Хлеб на самом деле был пьяняще свеж, душист, но есть с таким аппетитом, как ел Савелий Игнатьевич, было вроде бы неприлично.

– Не по душе мне эти поездки, Савелий, – не сдержав сомнений, укорила Варвара. – Чужими руками загребать – все мастера, а как отвечать… С тебя одного потом спросят.

– Да так, могут спросить, – отозвался рассудительно Савелий Игнатьевич, аккуратно снимая с бороды крошки. – Так без этого пока не выходит, разнарядки на лес у совхоза мизерные. Взялся – надо помогать, Изотыч в жмурки не играл, когда сманывал. С директором обговорено: они платят – я добываю. Оно не совсем штоб незаконно, но и от законов далековато, никуда не попрешь. Много не могу, а што могу, сделаю.

– Дак сделаешь, если велят, на то и начальство, чтобы подчиняться, но тоже… Им что, они высоко, ответчик всегда кто пониже.

Она еще подлила ему в стопку, Савелий Игнатьевич покрутил носом:

– Прилипчива зараза, сколь натерпелся через нее. Доходило до белой горячки. Однажды, сколь уж ден продолжалось, не помню, вдруг паровоз на меня бежит. Или глазастый такой, то ли фары горят. Как даст в грудь, в лоб, и все… Ну, ладно, впереди нова жизнь, за нее.

Откусывая крепкими зубами сочно всхрустнувший огурец, он словно прислушивался, все ли в нем в порядке. Отер тылом ладони толстые губы, заговорил не без раздумий:

– Объясниться хочу маленько для твово старшево, не обессудь. Моя жизнь, значит, была така по тем годам. Зауральский я урожденьем, до войны в деревне. Робил. Воевал. Не геройски, больше по ремонту техники, хотя скажу… Но подвигов нету, тут я не расхвастаюсь шибко. Вернулся живой-здоровый – вот полноса нету, осколком отчикнуло как в насмешку, да так по малости кое-где в царапинах – избенка разорена, жена – ни слуху ни духу, разно болтали, но не нашел и сама не вернулась. Устроился на станции. Опять вскорости женился. На официантке железнодорожного ресторана. Сдуру, конешно, по пьяной лавочке, иначе сказать не могу. Другой через день сбежал бы, а я… Вместе опивались. Восемь лет. А потом та белая горячка, когда будто поездом садануло. Отлежался – я долго лежал, меня принудительно лечили – у моей разлюбезной гурьба кавалеров. Пришел, насмешки устроили, она – хуже чужой. Взбесился, побил люто и без разбору – уж одно к одному пришлось – и срок схлопотал. Так. Робил на совесть, половину отсидел, другу скостили и выпустили… Вишь, не скрываю, што скрывать-то.
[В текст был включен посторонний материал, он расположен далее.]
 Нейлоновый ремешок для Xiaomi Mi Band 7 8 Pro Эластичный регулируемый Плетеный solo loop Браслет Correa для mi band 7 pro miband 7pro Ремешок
Уж много времени прошло с тех пор, в одном леспромхозе токо… Выманили на простор из лесу, а я как дикарь, никак не очухаюсь… Так. – Согнув шею, крепко придавил кулаком стол и решил завершить откровения.

Варвара и Ленька молчали, согнувшись над чашкой, молчала и Наденька.
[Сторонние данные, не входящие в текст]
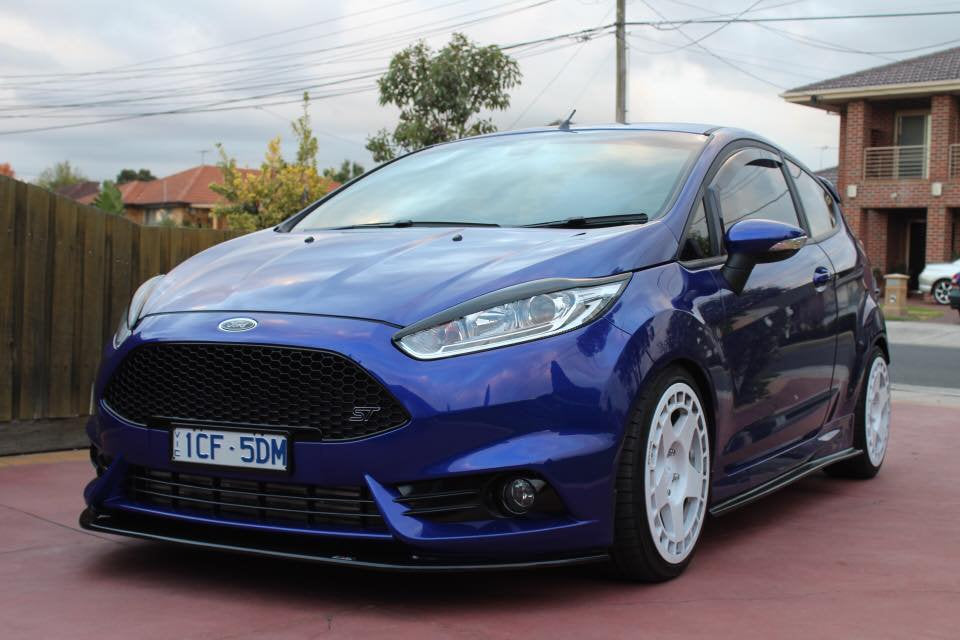 Ford Fiesta MK7.5 ST180 - V1 Front Splitter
С трудом поднимая голову, оглядывая грустно-молчаливое застолье усталыми глазами, утонувшими во мраке подлобья, Савелий Игнатьевич спросил, клонясь в сторону Надьки.

– Ну, Надежа, дружить станем, признашь за отца?

– Не знаю, – отозвалась испуганно Надька, вскидывая худые плечи.

Савелий Игнатьевич положил свою пятерню ей на макушку:

– С тобой-то мы сдружимся, ты ласкова, а братец у тебя фып, фыпится, и дела наши с ним пока выходят путаны-перепутаны. Ну ладно, – закончил со вздохом, поднимаясь. – Ране маленько выпили, прямо в санях на обратной дорожке, да тут уже две стопки, забусел. Пора на боковую, не обессудьте.

Пошел, слегка шатаясь. Варвара выпорхнула из-за стола, подставив плечо, повела его в горенку.